This concrete and steel structure, called fire resistive when first built at the turn of the century, is supposed to confine a fire by its construction. This type of construction in which the building elements listed in IBC Table 601 are of non-combustible materials, such as concrete and steel. The roof is also of non-combustible material, such as concrete or steel.
This type of building has steel or concrete walls, floors, and structural framework similar to type I construction; however, the roof covering material is combustible. The roof covering of a type II building can be a layer of asphalt waterproofing, with a combustible felt paper covering. Another layer of asphalt may be mopped over the felt paper.
This type of constructed building is also called a brick-and-joist structure by some. It has masonry-bearing walls but the floors, structural framework, and roof are made of wood or other combustible material; for example, a concrete-block building with wood roof and floor trusses. Fire-retardant-treated wood framing complying with IBC Sec. 2303.2 shall be permitted within exterior wall assemblies of a two-hour rating or less.

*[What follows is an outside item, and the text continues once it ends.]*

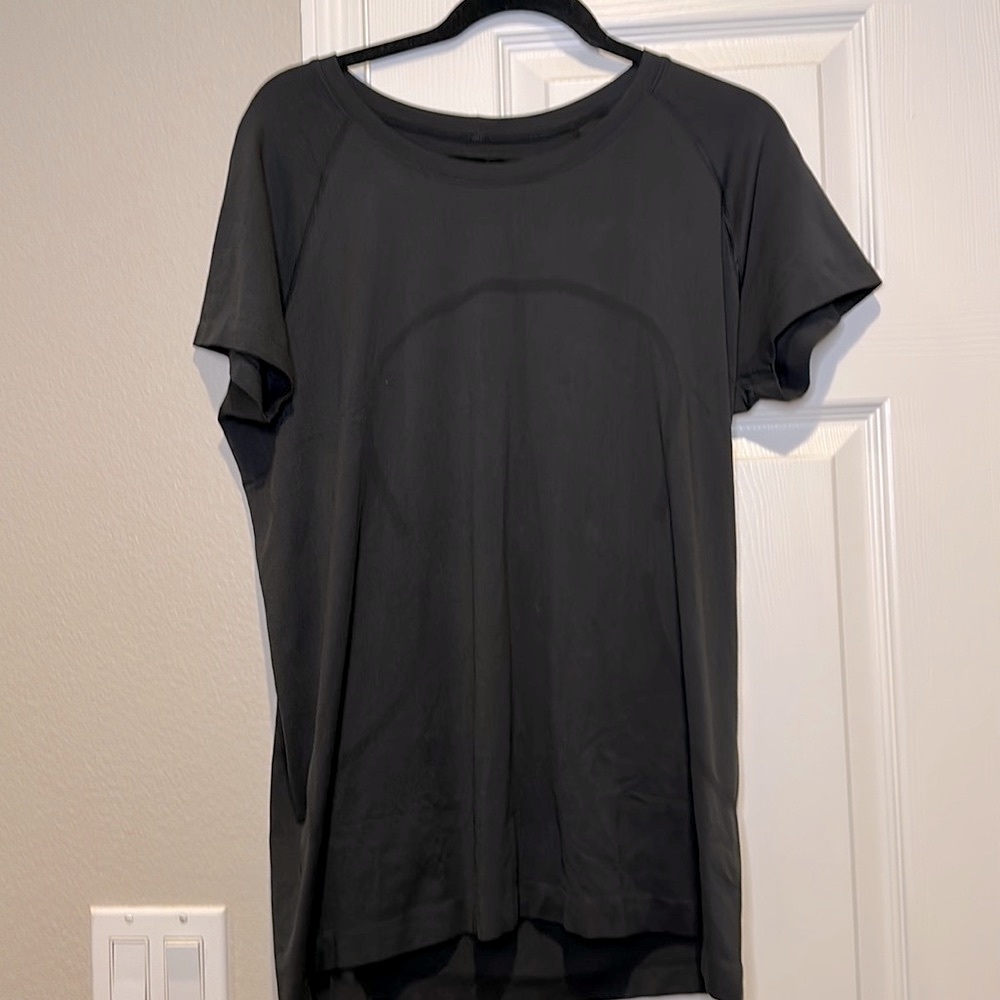 Swiftly Tech Short-Sleeve Shirt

These buildings have masonry walls like type III buildings but the interior wood consists of heavy timber. In a heavy-timber building, a wood column cannot be less than 8″ thick in any dimension and a wood girder cannot be less than 6″ thick. The floor and roof are plank board. One difference between a heavy timber type IV building and type III construction is that a heavy-timber type IV building does not have plaster walls and ceilings covering the interior wood framework. The details of type IV construction shall comply with the provisions of 602.4.1 through 602.4.7. Fire-retardant-treated wood framing complying with IBC Section 2303.2 shall be permitted within exterior wall assemblies with a two-hour rating or less.
Wood-frame construction is the most combustible of the five building types. The interior framing and exterior walls may be wood. A wood-frame building is the only one of the five types of construction that has combustible exterior walls. This is the typical single-family home construction method. These buildings are built with 2 x 4 or 2 x 6 studs and load-bearing walls, wood floor trusses, or wood floor joist and wood roof framing.